This comment has been minimized.

Copy link
Author

commented Apr 27, 2018

in our testing, we have found that only the options single-request-reopen change actually addresses this issue. Its a band-aid-- but dns lookups are fast, so we get aberrations of like 100ms, not 5 seconds,w hich is acceptable for us.

Now we're trying to figure out how to inject that into resolv.conf on all the pods. Anyone know how to do that?

@btalbot

This comment has been minimized.

Copy link

commented Apr 27, 2018

I found this hack in some other related github issues and it's working for me

apiVersion: v1
data:
  resolv.conf: |
    nameserver 1.2.3.4
    search default.svc.cluster.local svc.cluster.local cluster.local ec2.internal
    options ndots:3 single-request-reopen
kind: ConfigMap
metadata:
  name: resolvconf

Then in your affected pods and containers

        volumeMounts:
        - name: resolv-conf
          mountPath: /etc/resolv.conf
          subPath: resolv.conf
...

      volumes:
      - name: resolv-conf
        configMap:
          name: resolvconf
          items:
          - key: resolv.conf
            path: resolv.conf
@dcowden

This comment has been minimized.

Copy link
Author

commented Apr 27, 2018

@btalbot thanks for posting that. That would definitely work in a pinch!

we use kops for our cluster, and the this seems promising. But i'm still learning how it works

@Quentin-M

This comment has been minimized.

Copy link

commented May 1, 2018

Experiencing the same issue here. 5s delays on every, single, DNS lookup, 100% of the time. Similarly, insert_failed does increase for each DNS query. The AAAA query, that happens a few cycles after the A query, gets dropped systematically (tcpdump: https://hastebin.com/banulayire.swift).

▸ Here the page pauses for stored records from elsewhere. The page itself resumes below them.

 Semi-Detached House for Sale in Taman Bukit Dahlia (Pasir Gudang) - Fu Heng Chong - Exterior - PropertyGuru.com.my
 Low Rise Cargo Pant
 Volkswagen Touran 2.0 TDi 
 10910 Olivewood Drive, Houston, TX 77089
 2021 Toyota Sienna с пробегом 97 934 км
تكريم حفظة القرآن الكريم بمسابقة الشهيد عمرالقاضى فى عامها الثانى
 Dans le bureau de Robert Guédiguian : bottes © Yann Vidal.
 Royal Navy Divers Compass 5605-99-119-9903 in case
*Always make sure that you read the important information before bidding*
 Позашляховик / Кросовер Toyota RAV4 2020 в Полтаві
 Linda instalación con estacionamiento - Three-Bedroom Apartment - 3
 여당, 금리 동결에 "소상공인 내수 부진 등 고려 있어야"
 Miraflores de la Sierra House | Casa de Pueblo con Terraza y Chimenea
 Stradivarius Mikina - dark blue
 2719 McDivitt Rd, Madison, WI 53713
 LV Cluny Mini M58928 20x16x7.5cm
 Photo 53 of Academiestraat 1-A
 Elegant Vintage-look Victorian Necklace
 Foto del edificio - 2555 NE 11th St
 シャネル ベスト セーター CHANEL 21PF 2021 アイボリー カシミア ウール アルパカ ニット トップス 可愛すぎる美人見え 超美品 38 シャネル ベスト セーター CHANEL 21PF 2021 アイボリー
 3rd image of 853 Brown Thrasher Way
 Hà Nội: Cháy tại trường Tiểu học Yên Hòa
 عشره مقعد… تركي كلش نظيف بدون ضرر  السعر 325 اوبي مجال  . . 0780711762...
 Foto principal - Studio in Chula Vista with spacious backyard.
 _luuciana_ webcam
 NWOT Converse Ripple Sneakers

Mounting a resolv.conf by hand in every single pod of our infrastructure is untenable.
kubernetes/kubernetes#62764 attempts at adding the workaround as a default in Kubernetes, but the PR is unlikely to land. And even if it does, it won't be released for a good while.

Here is the flannel patch: https://gist.github.com/maxlaverse/1fb3bfdd2509e317194280f530158c98

@dcowden

This comment has been minimized.

Copy link
Author

commented May 1, 2018

@Quentin-M what k8s version are you using? I'm curious why it's 100% repeatable for some but intermittent for others.

Another method to inject resolve.conf change s would be a deployment initializer. I've been trying to avoid creating one, but it's beginning to seem inevitable that in an Enterprise environment you need a way to enforce various things on every launched workload in a central way.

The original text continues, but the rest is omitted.